** Data to use **
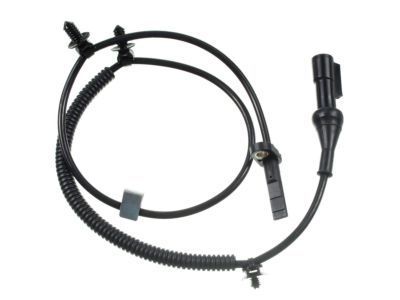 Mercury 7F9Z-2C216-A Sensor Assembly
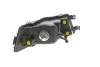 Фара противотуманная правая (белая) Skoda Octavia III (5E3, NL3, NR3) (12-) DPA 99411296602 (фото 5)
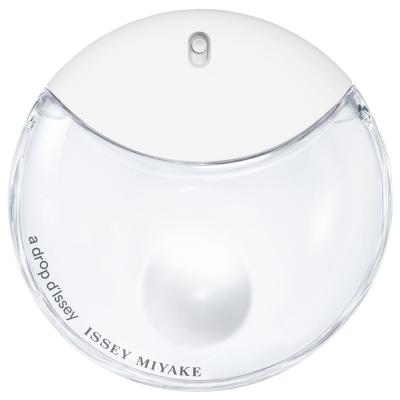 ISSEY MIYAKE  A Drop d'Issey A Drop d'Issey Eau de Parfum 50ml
--
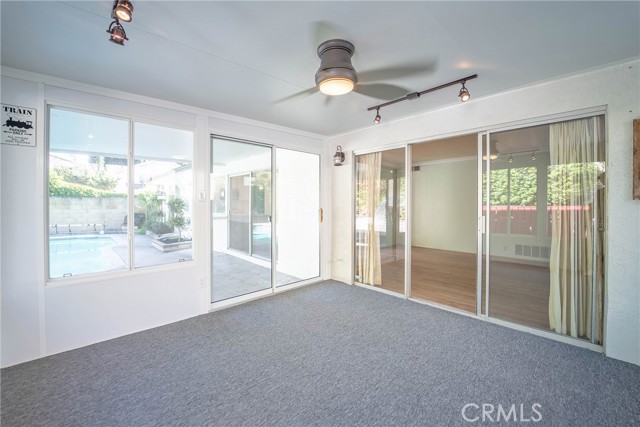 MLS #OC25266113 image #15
...
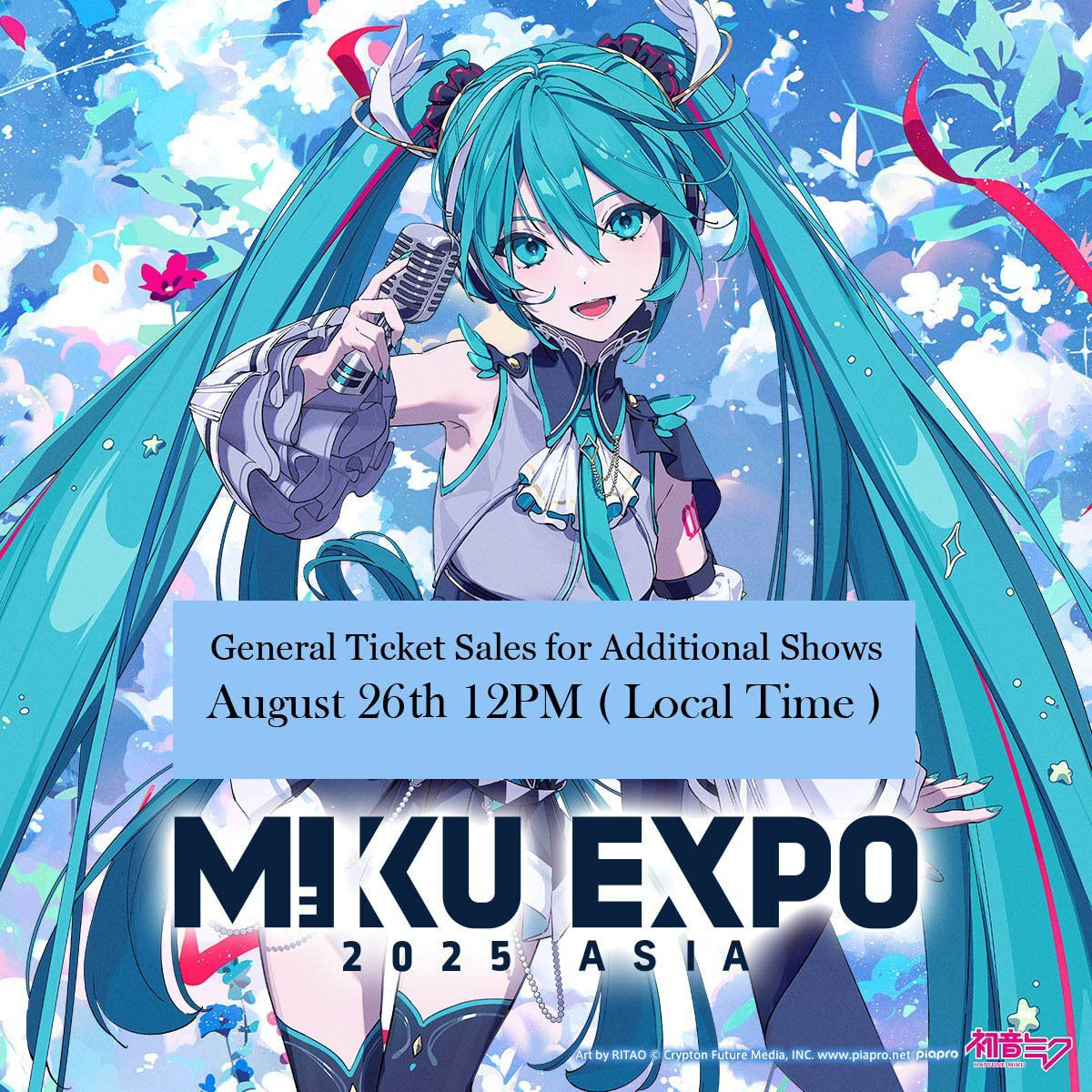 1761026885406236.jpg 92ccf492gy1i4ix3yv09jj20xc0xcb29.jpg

** What you are asked to do **
Nothing but the lines above from the one that has "Mercury 7F9Z-2C216-A Sensor Assembly" down to the one that has "de Parfum 50ml" belongs in the answer, copied exactly, without pictures.

** Answer section **
 Mercury 7F9Z-2C216-A Sensor Assembly
 Фара противотуманная правая (белая) Skoda Octavia III (5E3, NL3, NR3) (12-) DPA 99411296602 (фото 5)
 ISSEY MIYAKE  A Drop d'Issey A Drop d'Issey Eau de Parfum 50ml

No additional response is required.